**Your objective**
Your task is to write out the full listing once more, exactly.
- - - -
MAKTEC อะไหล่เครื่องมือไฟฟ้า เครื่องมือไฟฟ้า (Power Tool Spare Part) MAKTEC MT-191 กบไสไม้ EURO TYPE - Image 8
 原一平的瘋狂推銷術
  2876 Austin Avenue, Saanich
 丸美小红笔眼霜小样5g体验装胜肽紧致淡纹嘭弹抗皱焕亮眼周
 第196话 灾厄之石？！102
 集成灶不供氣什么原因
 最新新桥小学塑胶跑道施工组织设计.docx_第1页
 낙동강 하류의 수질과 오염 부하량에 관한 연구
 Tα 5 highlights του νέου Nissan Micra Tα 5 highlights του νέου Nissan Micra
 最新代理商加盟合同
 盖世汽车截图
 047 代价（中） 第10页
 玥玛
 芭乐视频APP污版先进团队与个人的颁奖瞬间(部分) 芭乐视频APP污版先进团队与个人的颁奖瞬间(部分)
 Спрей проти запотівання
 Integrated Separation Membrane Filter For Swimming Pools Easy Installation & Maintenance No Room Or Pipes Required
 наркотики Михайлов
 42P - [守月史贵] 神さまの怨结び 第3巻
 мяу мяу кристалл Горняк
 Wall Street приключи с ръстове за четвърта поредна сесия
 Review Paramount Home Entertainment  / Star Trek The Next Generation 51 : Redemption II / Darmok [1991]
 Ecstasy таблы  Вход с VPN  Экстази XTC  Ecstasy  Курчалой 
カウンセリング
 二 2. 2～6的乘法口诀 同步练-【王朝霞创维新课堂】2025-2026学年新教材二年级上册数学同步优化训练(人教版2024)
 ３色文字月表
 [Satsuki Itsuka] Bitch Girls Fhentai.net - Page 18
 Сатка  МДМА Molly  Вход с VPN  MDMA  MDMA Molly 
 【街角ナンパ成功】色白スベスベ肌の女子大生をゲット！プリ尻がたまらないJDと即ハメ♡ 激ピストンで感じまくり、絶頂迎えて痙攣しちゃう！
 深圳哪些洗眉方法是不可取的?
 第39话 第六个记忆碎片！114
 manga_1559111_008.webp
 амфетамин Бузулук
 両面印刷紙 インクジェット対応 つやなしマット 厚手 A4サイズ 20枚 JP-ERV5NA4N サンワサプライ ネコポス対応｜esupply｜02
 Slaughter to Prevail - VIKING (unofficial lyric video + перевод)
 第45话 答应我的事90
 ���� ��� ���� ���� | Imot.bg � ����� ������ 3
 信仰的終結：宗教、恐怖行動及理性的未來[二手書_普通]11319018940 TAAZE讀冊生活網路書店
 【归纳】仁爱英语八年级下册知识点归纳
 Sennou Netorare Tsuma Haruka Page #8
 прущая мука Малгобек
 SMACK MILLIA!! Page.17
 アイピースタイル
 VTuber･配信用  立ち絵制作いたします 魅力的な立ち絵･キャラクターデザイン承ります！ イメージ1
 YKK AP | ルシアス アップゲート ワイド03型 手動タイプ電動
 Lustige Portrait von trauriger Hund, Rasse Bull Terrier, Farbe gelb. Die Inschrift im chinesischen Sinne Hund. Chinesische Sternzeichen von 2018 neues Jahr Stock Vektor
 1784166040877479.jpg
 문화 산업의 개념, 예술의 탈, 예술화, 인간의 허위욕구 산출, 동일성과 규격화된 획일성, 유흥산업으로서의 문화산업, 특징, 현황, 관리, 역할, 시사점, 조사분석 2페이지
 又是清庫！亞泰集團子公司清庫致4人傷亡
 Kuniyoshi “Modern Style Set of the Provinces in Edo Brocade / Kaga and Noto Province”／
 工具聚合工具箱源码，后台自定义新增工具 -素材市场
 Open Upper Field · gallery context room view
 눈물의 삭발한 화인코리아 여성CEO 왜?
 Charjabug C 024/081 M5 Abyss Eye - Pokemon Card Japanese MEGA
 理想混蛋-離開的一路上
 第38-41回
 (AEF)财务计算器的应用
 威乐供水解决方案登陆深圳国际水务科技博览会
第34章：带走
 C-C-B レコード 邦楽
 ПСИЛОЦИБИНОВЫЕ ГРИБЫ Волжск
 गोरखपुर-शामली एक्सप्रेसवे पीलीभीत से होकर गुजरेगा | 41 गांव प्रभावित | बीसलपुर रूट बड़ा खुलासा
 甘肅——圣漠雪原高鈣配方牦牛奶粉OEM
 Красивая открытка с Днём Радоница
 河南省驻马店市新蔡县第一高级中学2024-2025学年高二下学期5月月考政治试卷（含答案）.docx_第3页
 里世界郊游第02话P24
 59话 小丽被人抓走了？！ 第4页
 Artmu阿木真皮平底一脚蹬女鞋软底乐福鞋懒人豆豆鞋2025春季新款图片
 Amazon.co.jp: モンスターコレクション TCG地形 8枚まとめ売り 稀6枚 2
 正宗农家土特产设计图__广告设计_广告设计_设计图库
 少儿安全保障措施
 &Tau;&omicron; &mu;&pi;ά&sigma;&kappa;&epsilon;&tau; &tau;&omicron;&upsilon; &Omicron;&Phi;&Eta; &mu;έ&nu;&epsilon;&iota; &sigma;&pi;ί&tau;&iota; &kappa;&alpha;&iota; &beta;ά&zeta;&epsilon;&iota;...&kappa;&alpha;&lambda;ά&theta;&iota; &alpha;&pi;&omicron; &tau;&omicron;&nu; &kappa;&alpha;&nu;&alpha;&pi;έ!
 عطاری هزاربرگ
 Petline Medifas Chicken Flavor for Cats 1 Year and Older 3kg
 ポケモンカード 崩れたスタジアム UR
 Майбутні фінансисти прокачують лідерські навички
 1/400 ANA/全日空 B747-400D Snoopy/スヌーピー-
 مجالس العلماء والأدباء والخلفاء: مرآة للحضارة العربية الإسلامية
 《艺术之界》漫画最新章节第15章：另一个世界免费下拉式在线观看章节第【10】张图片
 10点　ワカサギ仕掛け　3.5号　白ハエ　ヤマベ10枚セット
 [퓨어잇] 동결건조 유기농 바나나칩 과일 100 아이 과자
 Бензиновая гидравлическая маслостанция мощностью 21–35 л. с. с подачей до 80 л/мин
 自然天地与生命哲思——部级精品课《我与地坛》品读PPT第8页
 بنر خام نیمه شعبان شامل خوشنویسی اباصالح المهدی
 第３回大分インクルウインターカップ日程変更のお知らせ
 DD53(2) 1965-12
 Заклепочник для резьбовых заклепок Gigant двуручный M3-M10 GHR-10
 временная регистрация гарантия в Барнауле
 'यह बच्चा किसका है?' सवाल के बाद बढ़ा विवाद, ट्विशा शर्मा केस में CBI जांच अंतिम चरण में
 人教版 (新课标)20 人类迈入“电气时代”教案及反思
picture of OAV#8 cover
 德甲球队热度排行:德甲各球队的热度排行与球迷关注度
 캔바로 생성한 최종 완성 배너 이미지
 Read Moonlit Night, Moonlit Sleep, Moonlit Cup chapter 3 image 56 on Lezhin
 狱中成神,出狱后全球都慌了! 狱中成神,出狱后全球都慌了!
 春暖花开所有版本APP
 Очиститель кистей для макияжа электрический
- - - -
**Written solution**
MAKTEC อะไหล่เครื่องมือไฟฟ้า เครื่องมือไฟฟ้า (Power Tool Spare Part) MAKTEC MT-191 กบไสไม้ EURO TYPE - Image 8
 原一平的瘋狂推銷術
  2876 Austin Avenue, Saanich
 丸美小红笔眼霜小样5g体验装胜肽紧致淡纹嘭弹抗皱焕亮眼周
 第196话 灾厄之石？！102
 集成灶不供氣什么原因
 最新新桥小学塑胶跑道施工组织设计.docx_第1页
 낙동강 하류의 수질과 오염 부하량에 관한 연구
 Tα 5 highlights του νέου Nissan Micra Tα 5 highlights του νέου Nissan Micra
 最新代理商加盟合同
 盖世汽车截图
 047 代价（中） 第10页
 玥玛
 芭乐视频APP污版先进团队与个人的颁奖瞬间(部分) 芭乐视频APP污版先进团队与个人的颁奖瞬间(部分)
 Спрей проти запотівання
 Integrated Separation Membrane Filter For Swimming Pools Easy Installation & Maintenance No Room Or Pipes Required
 наркотики Михайлов
 42P - [守月史贵] 神さまの怨结び 第3巻
 мяу мяу кристалл Горняк
 Wall Street приключи с ръстове за четвърта поредна сесия
 Review Paramount Home Entertainment  / Star Trek The Next Generation 51 : Redemption II / Darmok [1991]
 Ecstasy таблы  Вход с VPN  Экстази XTC  Ecstasy  Курчалой 
カウンセリング
 二 2. 2～6的乘法口诀 同步练-【王朝霞创维新课堂】2025-2026学年新教材二年级上册数学同步优化训练(人教版2024)
 ３色文字月表
 [Satsuki Itsuka] Bitch Girls Fhentai.net - Page 18
 Сатка  МДМА Molly  Вход с VPN  MDMA  MDMA Molly 
 【街角ナンパ成功】色白スベスベ肌の女子大生をゲット！プリ尻がたまらないJDと即ハメ♡ 激ピストンで感じまくり、絶頂迎えて痙攣しちゃう！
 深圳哪些洗眉方法是不可取的?
 第39话 第六个记忆碎片！114
 manga_1559111_008.webp
 амфетамин Бузулук
 両面印刷紙 インクジェット対応 つやなしマット 厚手 A4サイズ 20枚 JP-ERV5NA4N サンワサプライ ネコポス対応｜esupply｜02
 Slaughter to Prevail - VIKING (unofficial lyric video + перевод)
 第45话 答应我的事90
 ���� ��� ���� ���� | Imot.bg � ����� ������ 3
 信仰的終結：宗教、恐怖行動及理性的未來[二手書_普通]11319018940 TAAZE讀冊生活網路書店
 【归纳】仁爱英语八年级下册知识点归纳
 Sennou Netorare Tsuma Haruka Page #8
 прущая мука Малгобек
 SMACK MILLIA!! Page.17
 アイピースタイル
 VTuber･配信用  立ち絵制作いたします 魅力的な立ち絵･キャラクターデザイン承ります！ イメージ1
 YKK AP | ルシアス アップゲート ワイド03型 手動タイプ電動
 Lustige Portrait von trauriger Hund, Rasse Bull Terrier, Farbe gelb. Die Inschrift im chinesischen Sinne Hund. Chinesische Sternzeichen von 2018 neues Jahr Stock Vektor
 1784166040877479.jpg
 문화 산업의 개념, 예술의 탈, 예술화, 인간의 허위욕구 산출, 동일성과 규격화된 획일성, 유흥산업으로서의 문화산업, 특징, 현황, 관리, 역할, 시사점, 조사분석 2페이지
 又是清庫！亞泰集團子公司清庫致4人傷亡
 Kuniyoshi “Modern Style Set of the Provinces in Edo Brocade / Kaga and Noto Province”／
 工具聚合工具箱源码，后台自定义新增工具 -素材市场
 Open Upper Field · gallery context room view
 눈물의 삭발한 화인코리아 여성CEO 왜?
 Charjabug C 024/081 M5 Abyss Eye - Pokemon Card Japanese MEGA
 理想混蛋-離開的一路上
 第38-41回
 (AEF)财务计算器的应用
 威乐供水解决方案登陆深圳国际水务科技博览会
第34章：带走
 C-C-B レコード 邦楽
 ПСИЛОЦИБИНОВЫЕ ГРИБЫ Волжск
 गोरखपुर-शामली एक्सप्रेसवे पीलीभीत से होकर गुजरेगा | 41 गांव प्रभावित | बीसलपुर रूट बड़ा खुलासा
 甘肅——圣漠雪原高鈣配方牦牛奶粉OEM
 Красивая открытка с Днём Радоница
 河南省驻马店市新蔡县第一高级中学2024-2025学年高二下学期5月月考政治试卷（含答案）.docx_第3页
 里世界郊游第02话P24
 59话 小丽被人抓走了？！ 第4页
 Artmu阿木真皮平底一脚蹬女鞋软底乐福鞋懒人豆豆鞋2025春季新款图片
 Amazon.co.jp: モンスターコレクション TCG地形 8枚まとめ売り 稀6枚 2
 正宗农家土特产设计图__广告设计_广告设计_设计图库
 少儿安全保障措施
 &Tau;&omicron; &mu;&pi;ά&sigma;&kappa;&epsilon;&tau; &tau;&omicron;&upsilon; &Omicron;&Phi;&Eta; &mu;έ&nu;&epsilon;&iota; &sigma;&pi;ί&tau;&iota; &kappa;&alpha;&iota; &beta;ά&zeta;&epsilon;&iota;...&kappa;&alpha;&lambda;ά&theta;&iota; &alpha;&pi;&omicron; &tau;&omicron;&nu; &kappa;&alpha;&nu;&alpha;&pi;έ!
 عطاری هزاربرگ
 Petline Medifas Chicken Flavor for Cats 1 Year and Older 3kg
 ポケモンカード 崩れたスタジアム UR
 Майбутні фінансисти прокачують лідерські навички
 1/400 ANA/全日空 B747-400D Snoopy/スヌーピー-
 مجالس العلماء والأدباء والخلفاء: مرآة للحضارة العربية الإسلامية
 《艺术之界》漫画最新章节第15章：另一个世界免费下拉式在线观看章节第【10】张图片
 10点　ワカサギ仕掛け　3.5号　白ハエ　ヤマベ10枚セット
 [퓨어잇] 동결건조 유기농 바나나칩 과일 100 아이 과자
 Бензиновая гидравлическая маслостанция мощностью 21–35 л. с. с подачей до 80 л/мин
 自然天地与生命哲思——部级精品课《我与地坛》品读PPT第8页
 بنر خام نیمه شعبان شامل خوشنویسی اباصالح المهدی
 第３回大分インクルウインターカップ日程変更のお知らせ
 DD53(2) 1965-12
 Заклепочник для резьбовых заклепок Gigant двуручный M3-M10 GHR-10
 временная регистрация гарантия в Барнауле
 'यह बच्चा किसका है?' सवाल के बाद बढ़ा विवाद, ट्विशा शर्मा केस में CBI जांच अंतिम चरण में
 人教版 (新课标)20 人类迈入“电气时代”教案及反思
picture of OAV#8 cover
 德甲球队热度排行:德甲各球队的热度排行与球迷关注度
 캔바로 생성한 최종 완성 배너 이미지
 Read Moonlit Night, Moonlit Sleep, Moonlit Cup chapter 3 image 56 on Lezhin
 狱中成神,出狱后全球都慌了! 狱中成神,出狱后全球都慌了!
 春暖花开所有版本APP
 Очиститель кистей для макияжа электрический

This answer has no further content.